Comment author: Manfred 10 February 2014 11:40:59PM 0 points [-]

It seems to me you are neglecting the proposition "A->B"

Do you know what truth tables are? The statement "A->B" can be represented on a truth table. A and B can be possible. not-A and B can be possible. Not-A and not-B can be possible. But A and not-B is impossible.

A->B and the four statements about the truth table are interchangeable. Even though when I talk about the truth table, I never need to use the "->" symbol. They contain the same content because A->B says that A and not-B is impossible, and saying that A and not-B is impossible says that A->B. For example, "it raining but not being wet outside is impossible."

In the language of probability, saying that P(B|A)=1 means that A and not-B is impossible, while leaving the other possibilities able to vary freely. The product rule says P(A and not-B) = P(A) * P(not-B | A). What's P(not-B | A) if P(B | A)=1? It's zero, because it's the negation of our assumption.

Writing out things in classical logic doesn't just mean putting P() around the same symbols. It means making things behave the same way.

Comment author: Kurros 11 February 2014 12:15:53AM *  -1 points [-]

Ok sure, so you can go through my reasoning leaving out the implication symbol, but retaining the dependence on the proof "p", and it all works out the same. The point is only that the robot doesn't know that A->B, therefore it doesn't set P(B|A)=1 either.

You had "Suppose our robot knows that P(wet outside | raining) = 1. And it observes that it's raining, so P(rain)=1. But it's having trouble figuring out whether it's wet outside within its time limit, so it just gives up and says P(wet outside)=0.5. Has it violated the product rule? Yes. P(wet outside) >= P(wet outside and raining) = P(wet outside | rain) * P(rain) = 1."

But you say it is doing P(wet outside)=0.5 as an approximation. This isn't true though, because it knows that it is raining, so it is setting P(wet outside|rain) = 0.5, which was the crux of my calculation anyway. Therefore when it calculates P(wet outside and raining) = P(wet outside | rain) * P(rain) it gets the answer 0.5, not 1, so it is still being consistent.

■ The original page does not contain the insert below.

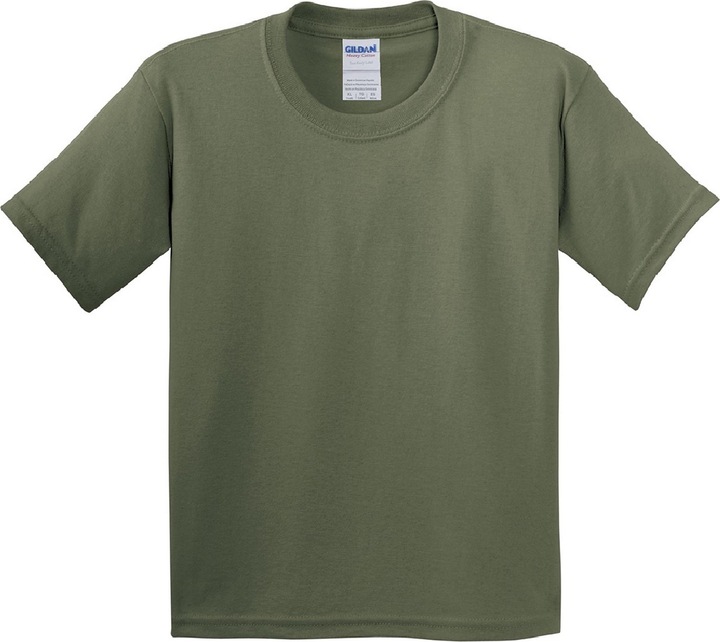 Verde militare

Comment author: Manfred 10 February 2014 09:52:45PM *  1 point [-]

If this somehow violates Savage or Cox's theorems I'd like to know why

Well, Cox's theorem has as a requirement that when your axioms are completely certain, you assign probability 1 to all classical consequences of those axioms. Assigning probability 0.5 to any of those consequences thus violates Cox's theorem. But this is kind of unsatisfying, so: where do we violate the product rule?

Suppose our robot knows that P(wet outside | raining) = 1. And it observes that it's raining, so P(rain)=1. But it's having trouble figuring out whether it's wet outside within its time limit, so it just gives up and says P(wet outside)=0.5. Has it violated the product rule? Yes. P(wet outside) >= P(wet outside and raining) = P(wet outside | rain) * P(rain) = 1.

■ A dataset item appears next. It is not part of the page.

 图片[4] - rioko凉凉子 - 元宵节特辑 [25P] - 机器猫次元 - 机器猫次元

If we accept that the axioms have probability 1, we can deduce the consequences with certainty using the product rule. If at any point we stop deducing the consequences with certainty, this means we have stopped using the product rule.

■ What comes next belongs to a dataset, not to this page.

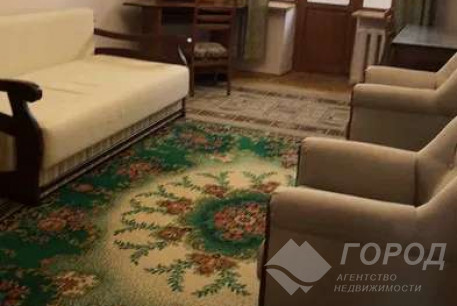 Сдам 3-х кімнатну квартиру, Гагарина проспект, Защитников Украины метро (Площадь Восстания), Код: 800092/1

Comment author: Kurros 10 February 2014 10:37:57PM *  -1 points [-]

Hmm this does not feel the same as what I am suggesting.

Let me map my scenario onto yours:

A = "raining"

B = "wet outside"

A->B = "It will be wet outside if it is raining"

The robot does not know P("wet outside" | "raining") = 1. It only knows P("wet outside" | "raining", "raining->wet outside") = 1. It observes that it is raining, so we'll condition everything on "raining", taking it as true.

We need some priors. Let P("wet outside") = 0.5. We also need a prior for "raining->wet outside", let that be 0.5 as well. From this it follows that

P("wet outside" | "raining") = P("wet outside" | "raining", "raining->wet outside") P("raining->wet outside"|"raining") + P("wet outside" | "raining", not "raining->wet outside") P(not "raining->wet outside"|"raining") = P("raining->wet outside"|"raining") = P("raining->wet outside") = 0.5

according to our priors [first and second equalities are the same as in my first post, third equality follow since whether or not it is "raining" is not relevant for figuring out if "raining->wet outside"].

So the product rule is not violated.

P("wet outside") >= P("wet outside" and "raining") = P("wet outside" | "raining") P("raining") = 0.5

Where the inequality is actually an equality because our prior was P("wet outside") = 0.5. Once the proof p that "raining->wet outside" is obtained, we can update this to

P("wet outside" | p) >= P("wet outside" and "raining" | p) = P("wet outside" | "raining", p) P("raining" | p) = 1

But there is still no product rule violation because

P("wet outside" | p) = P("wet outside" | "raining", p) P("raining" | p) + P("wet outside" | not "raining", p) P(not "raining" | p) = P("wet outside" | "raining", p) P("raining" | p) = 1.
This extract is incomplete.